Abstract

Background

Methylglyoxal (MGO) is a potent glycating agent that contributes to the pathogenesis of diabetes. However, MGO is unstable in plasma without demanding sample preparation at blood collection, limiting its clinical utility as a biomarker. We aimed to discover reliable MGO-glycated albumin (ALB)-derived biomarkers and to assess their association with new-onset diabetes (NOD) in people with prediabetes.

Methods

Bottom-up mass spectrometry-based proteomics was used to discover peptide biomarkers of MGO-glycated ALB, including MGO-derived hydroimidazolone (MGH)-ALB219–225, which proved to be biologically stable and reliable for large-scale analyses in human plasma. After assay validation, the IT-DIAB (Innovation Thérapeutique DIABète) prospective study, conducted in 300 individuals with impaired fasting plasma glucose (FPG) levels (110 to 125 mg/dL, 6.1 to 6.9 mmol/L), was used to assess the association between plasma MGH-ALB219–225 and NOD, defined as FPG ≥126 mg/dL (7 mmol/L), using Kaplan–Meier curves and Cox models.

Results

In total, 113 participants of the IT-DIAB study developed NOD during a median follow-up of 5 years.
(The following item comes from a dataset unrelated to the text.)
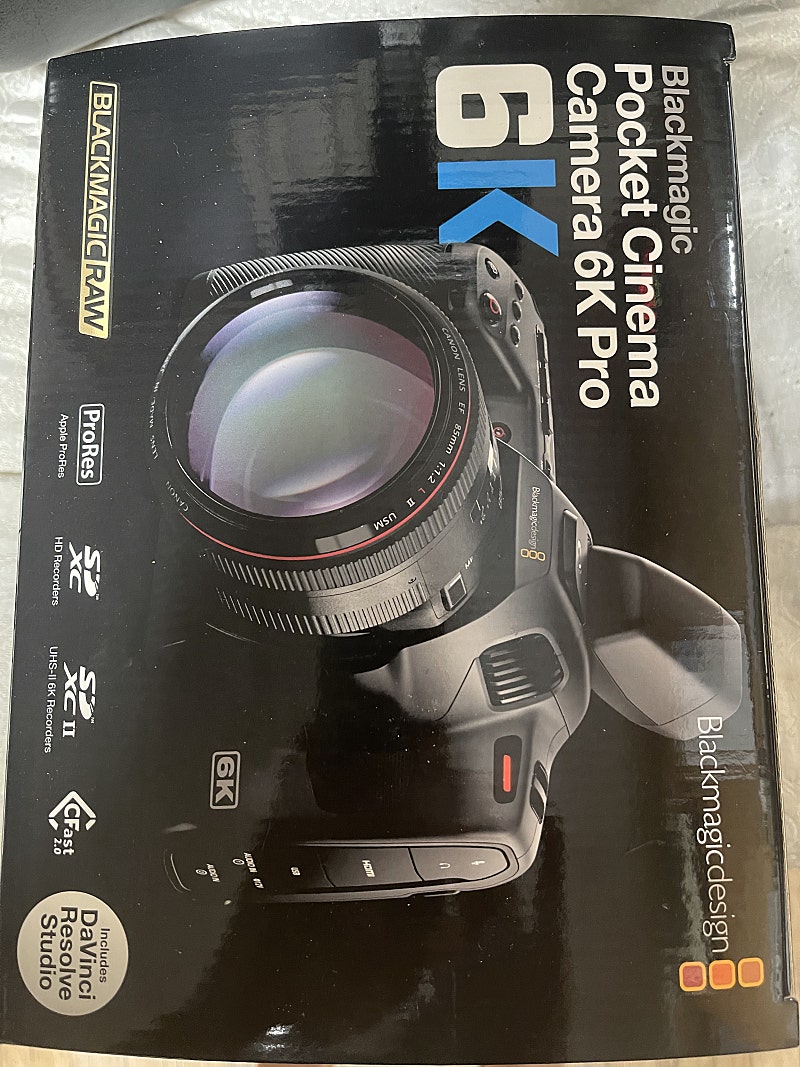 블랙매직(blackmagic pocket cinema 6k pro)팝니다(완전 새것)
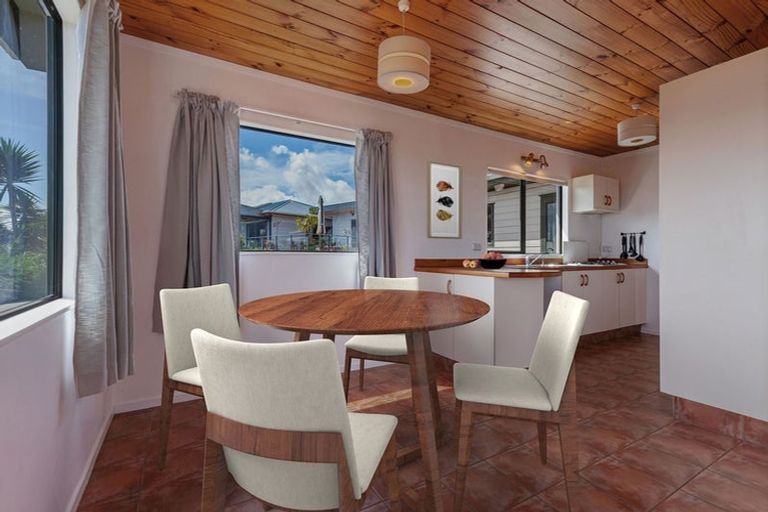 Photo of property in 11 Torsby Road, Coopers Beach, 0420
There was a graded association between the baseline plasma MGH-ALB219–225 concentration and incident NOD (log-rank P < 0.0001), in contrast to a lack of association for plasma MGO and total or glycated ALB (commercial kit). After adjustment for age, sex, body mass index, FPG, hemoglobin (Hb) A1c, and ALB, the plasma levels of MGH-ALB219–225 were associated with NOD (hazard ratio [HR] per one SD [95% CI] = 1.50 [1.26–1.78]; P < 0.0001).

Conclusions

MGH-ALB219–225 is a novel and stable peptide biomarker of MGO-glycated ALB, whose plasma levels are positively associated with an increased risk of NOD in individuals with prediabetes, independently of traditional risk factors.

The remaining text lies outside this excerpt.